**Activity:**
The data below should be copied out exactly, with its pictures omitted.

**Data section:**
======
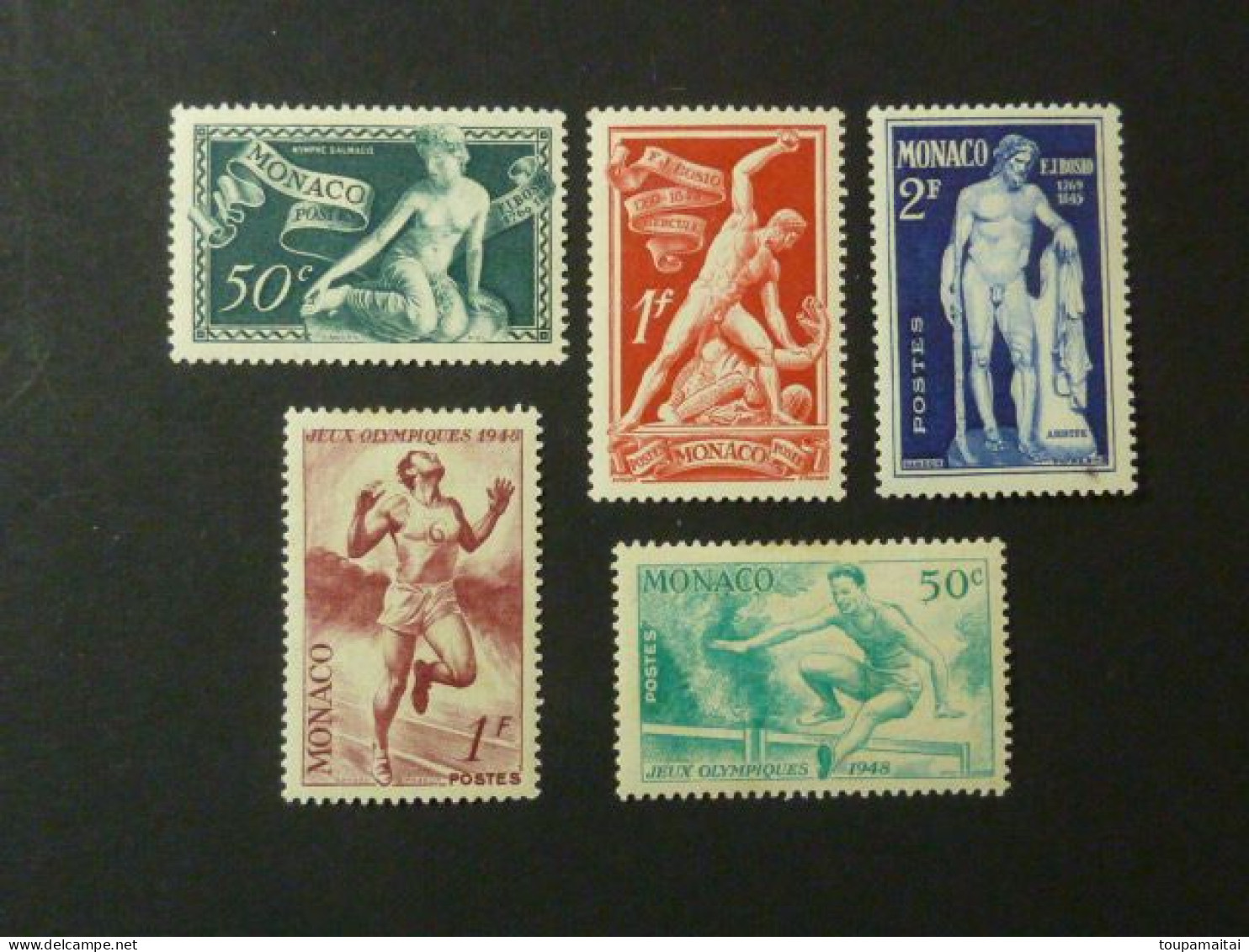 MONACO, Année 1948, YT N° 314-315-316-319-320 Neufs MH - Unused Stamps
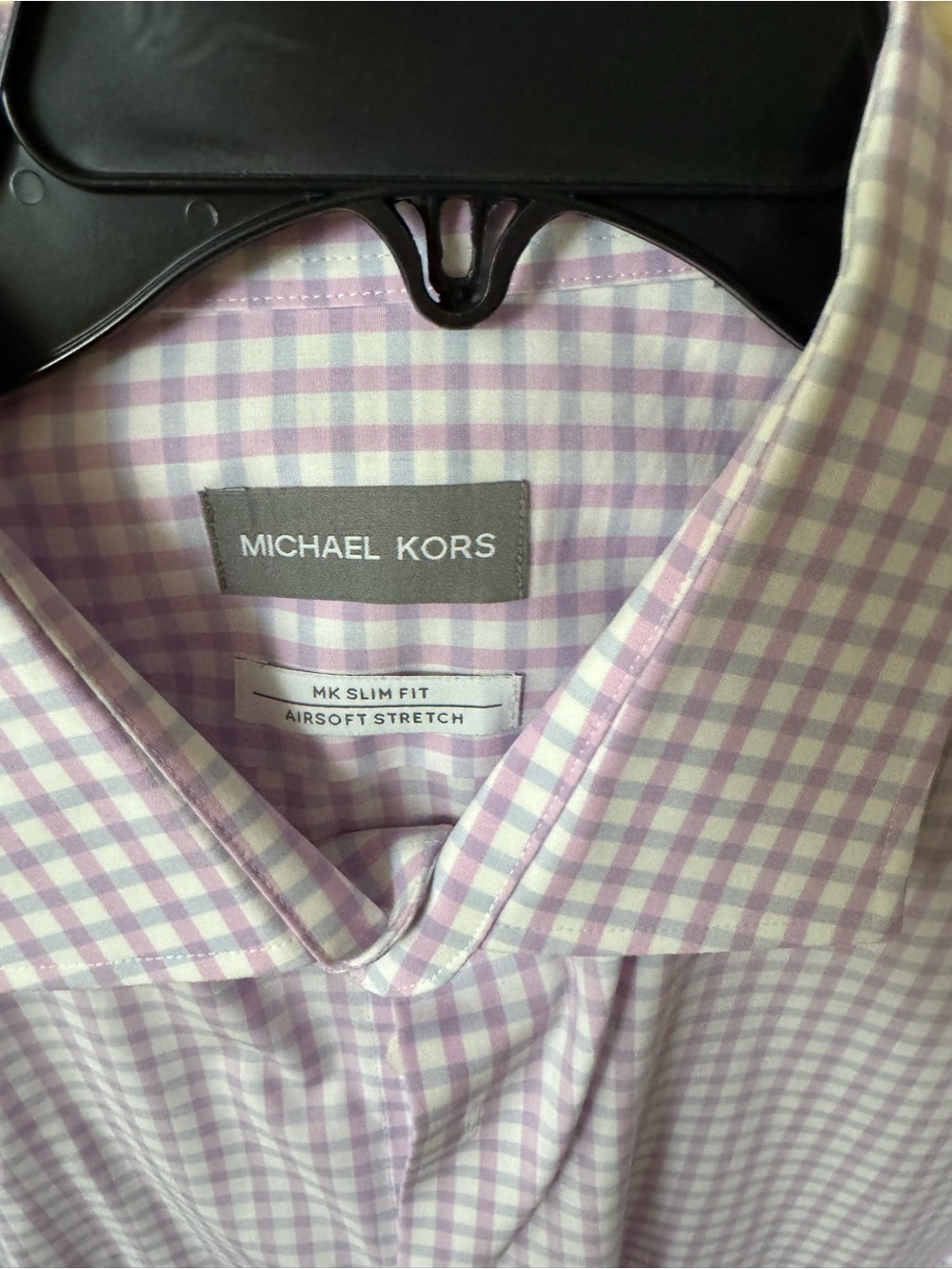 Michael Kors Men's Slim Fit Lavender and White Check Dress Shirt 18-34/35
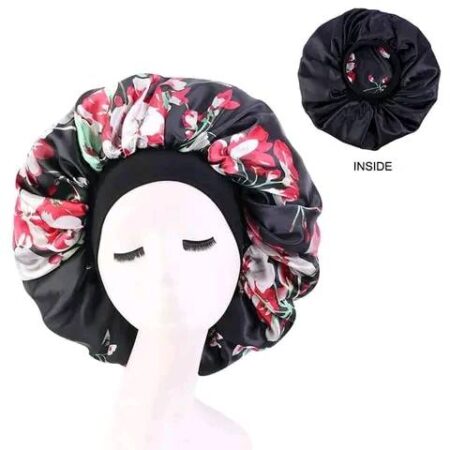 Women's Satin Hair Bonnets with Wide Elastic Band - Sleeping Night Caps for Hair Loss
======
**Exercise result:**
 MONACO, Année 1948, YT N° 314-315-316-319-320 Neufs MH - Unused Stamps
 Michael Kors Men's Slim Fit Lavender and White Check Dress Shirt 18-34/35
 Women's Satin Hair Bonnets with Wide Elastic Band - Sleeping Night Caps for Hair Loss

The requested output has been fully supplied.